Canvas by Instructure Redesign

Mariah Foerster

Adobe XD
Sketches of the Canvas web redesign
Later Gray Comps in Figma of the redesign

Early color comps in XD of the landing page for the redesign.

To view the full project visit:

Getting Started and Wireframes

When I was first asked to redesign Canvas, I had no idea where to start because I had only looked at Canvas with the mindset of using it to get homework done. It didn't take long to change my mindset from using it to designing for it. Changing mindsets was easy. It changed when I started initial user research to discover what users at Utah Valley University did and didn't like about Canvas.

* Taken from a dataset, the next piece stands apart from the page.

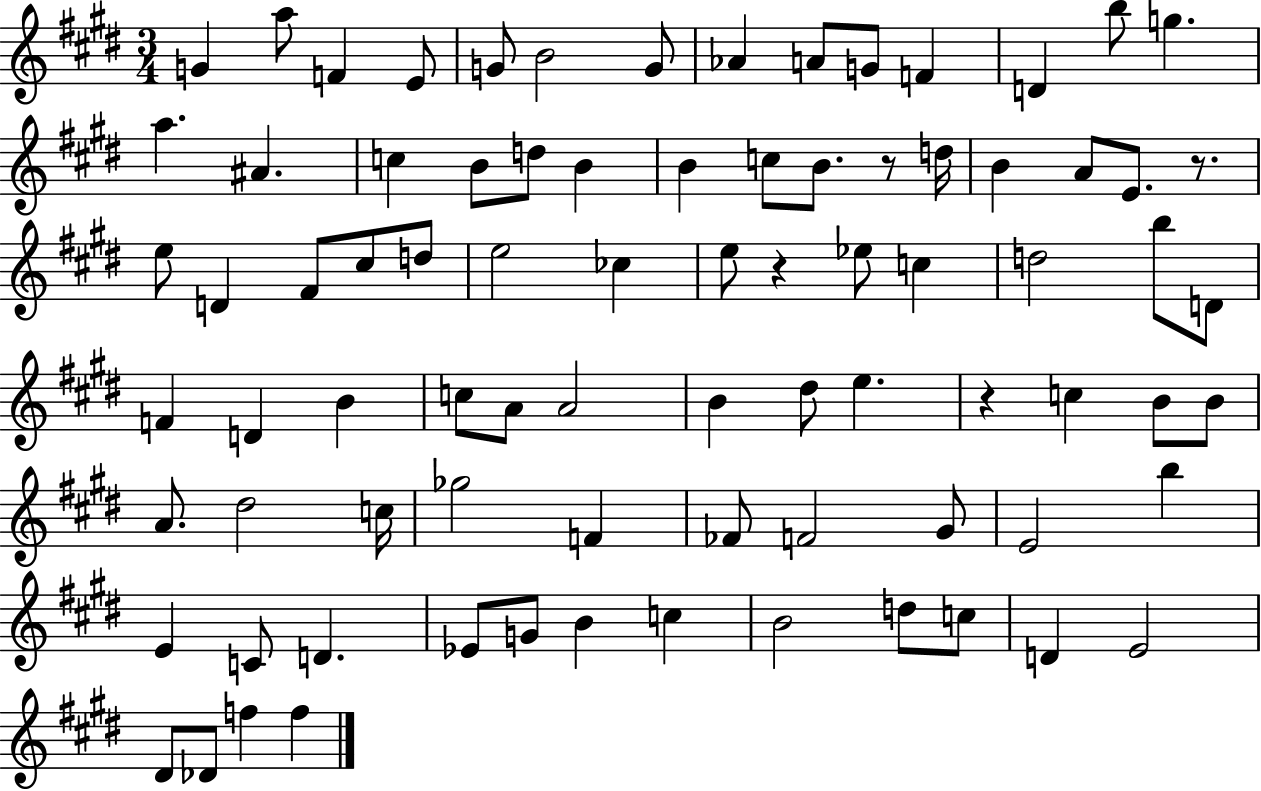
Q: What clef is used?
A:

After discovering what changes students wanted, I started my wireframes. One of my favorite parts about wireframes is that you can never try too many new designs with your wireframes, especially when you're using paper and pencil. I can say I have no idea how many times I drew out different versions of desktop and mobile ideas before I landed on an idea I wanted to move to the computer and gray comp.

Gray Comps

The gray comps to the left are not the first version of the gray comps that I did or the last. In my final version of my gray comps, I decided to move the to-do list under the tiles that popped up and down when clicked from the position on the right. I decided to do this because it allowed students to focus on what needed to be done by class and it changed the information architecture so what was most important was seen first. I also decided to move all the canvas information to a top navigation bar from a side navigation bar. I decided to do that because it is most consistent with other websites and so lessens the learning curve for new students.

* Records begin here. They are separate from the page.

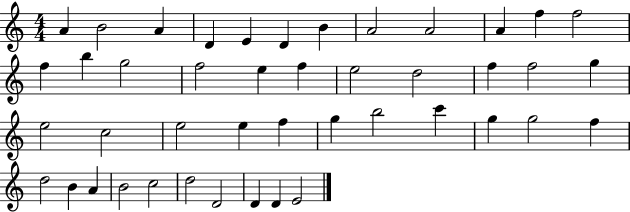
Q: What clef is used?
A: treble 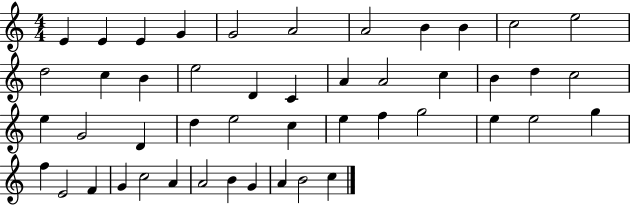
{
  \clef treble
  \numericTimeSignature
  \time 4/4
  \key c \major
  e'4 e'4 e'4 g'4 | g'2 a'2 | a'2 b'4 b'4 | c''2 e''2 | \break d''2 c''4 b'4 | e''2 d'4 c'4 | a'4 a'2 c''4 | b'4 d''4 c''2 | \break e''4 g'2 d'4 | d''4 e''2 c''4 | e''4 f''4 g''2 | e''4 e''2 g''4 | \break f''4 e'2 f'4 | g'4 c''2 a'4 | a'2 b'4 g'4 | a'4 b'2 c''4 | \break \bar "|."
}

At this point, I decided it was time to get some feedback from some of my peers. It was later into the design process than I normally would like but that was due to factors outside of my control. The feedback I received on this design was focused on making sure the design was consistent between devices and that everything was legible with font sizes. There weren't major changes needed for this design but after receiving that feedback, I now make sure that getting feedback is done earlier in the design so that I can make the needed adjustments easier.

Color Comps

One of my favorite parts of the design process is changing gray comps to color comps. It is my favorite part because it adds an extra layer of depth to a project, you can see the progress you have made, and you can do user testing with the users getting a full idea of what the design will be.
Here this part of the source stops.